By Steve Moran

Recently I attended the 2024 LeadingAge California annual conference in Anaheim. I got to talking to David Lindeman about the work he is doing on technology for older people at UC Berkeley. He started telling me about the young people he is interacting with at both the university and high school levels.

He is in awe of the brainpower; they are thinking out of the box about how to create insanely wonderful technologies to serve older people. He told me it is like they are constrained by nothing.

It Depressed Me

I am struggling with how to write this without sounding like I am insulting all of us (yes, I include myself in this). My best effort:

It occurred to me that senior living might be so much better if we could attract those young people to senior living. They might invent brand new ways of doing senior living — things that none of could ever imagine. Ways to create better experiences for residents. Ways to reduce the cost of caring for residents, ways to make working in senior living more enjoyable.

Proving It

We don’t really talk about it, but if you are working in senior living, there are some companies you would want to work for and others you would hate to work for. If you are good enough, you will likely do everything you can do to avoid those not-so-desirable companies. This over time further degrades those already not-so-great companies. Often those team members are trying hard, have good intentions, but are simply not good enough to be excellent at their job.
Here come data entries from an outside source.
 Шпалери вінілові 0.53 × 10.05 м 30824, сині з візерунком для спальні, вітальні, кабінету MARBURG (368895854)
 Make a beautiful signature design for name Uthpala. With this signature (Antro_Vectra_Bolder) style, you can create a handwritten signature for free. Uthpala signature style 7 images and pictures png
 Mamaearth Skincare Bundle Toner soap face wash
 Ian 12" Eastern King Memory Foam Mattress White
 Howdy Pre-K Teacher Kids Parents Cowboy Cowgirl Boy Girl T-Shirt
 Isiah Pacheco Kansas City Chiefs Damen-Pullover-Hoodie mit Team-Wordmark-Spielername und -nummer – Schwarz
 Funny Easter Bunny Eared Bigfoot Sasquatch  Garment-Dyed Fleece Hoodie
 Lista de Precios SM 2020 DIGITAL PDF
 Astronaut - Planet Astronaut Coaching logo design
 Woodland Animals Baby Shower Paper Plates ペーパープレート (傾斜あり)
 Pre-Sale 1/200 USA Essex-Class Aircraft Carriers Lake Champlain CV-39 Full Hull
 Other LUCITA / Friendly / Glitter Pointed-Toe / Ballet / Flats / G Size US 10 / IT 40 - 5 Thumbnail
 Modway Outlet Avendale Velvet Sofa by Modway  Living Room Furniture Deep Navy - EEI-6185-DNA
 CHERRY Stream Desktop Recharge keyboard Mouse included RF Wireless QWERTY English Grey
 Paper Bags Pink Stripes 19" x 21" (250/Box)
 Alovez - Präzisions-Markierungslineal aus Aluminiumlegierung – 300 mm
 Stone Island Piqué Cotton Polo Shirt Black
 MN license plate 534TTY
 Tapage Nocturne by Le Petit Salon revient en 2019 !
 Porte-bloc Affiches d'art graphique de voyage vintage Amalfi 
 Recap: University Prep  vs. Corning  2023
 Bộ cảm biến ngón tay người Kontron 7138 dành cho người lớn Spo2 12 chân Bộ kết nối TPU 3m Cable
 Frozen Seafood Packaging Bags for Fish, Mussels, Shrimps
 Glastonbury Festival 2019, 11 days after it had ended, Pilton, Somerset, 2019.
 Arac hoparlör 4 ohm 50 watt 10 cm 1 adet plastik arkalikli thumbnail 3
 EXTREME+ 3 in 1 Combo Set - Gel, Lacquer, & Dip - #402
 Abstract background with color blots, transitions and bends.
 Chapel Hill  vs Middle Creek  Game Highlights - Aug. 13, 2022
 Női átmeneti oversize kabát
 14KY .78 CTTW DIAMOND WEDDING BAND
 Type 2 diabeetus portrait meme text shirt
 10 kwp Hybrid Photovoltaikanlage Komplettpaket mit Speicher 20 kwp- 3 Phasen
I recognize that for various reasons, a really great leader/worker might still end up working for a not-so-great company. So if you are one of those people, please don’t see this as an insult.

Our Opportunity

We need to spend more time telling the story about how great it is to work in senior living. I am writing this while at the airport heading home from the NIC Data & Analytics Conference, and while there, I spent time with three young leaders who are crazy passionate about working in senior living. We need to be telling their stories. When we do this, we will improve the quality of everything we do.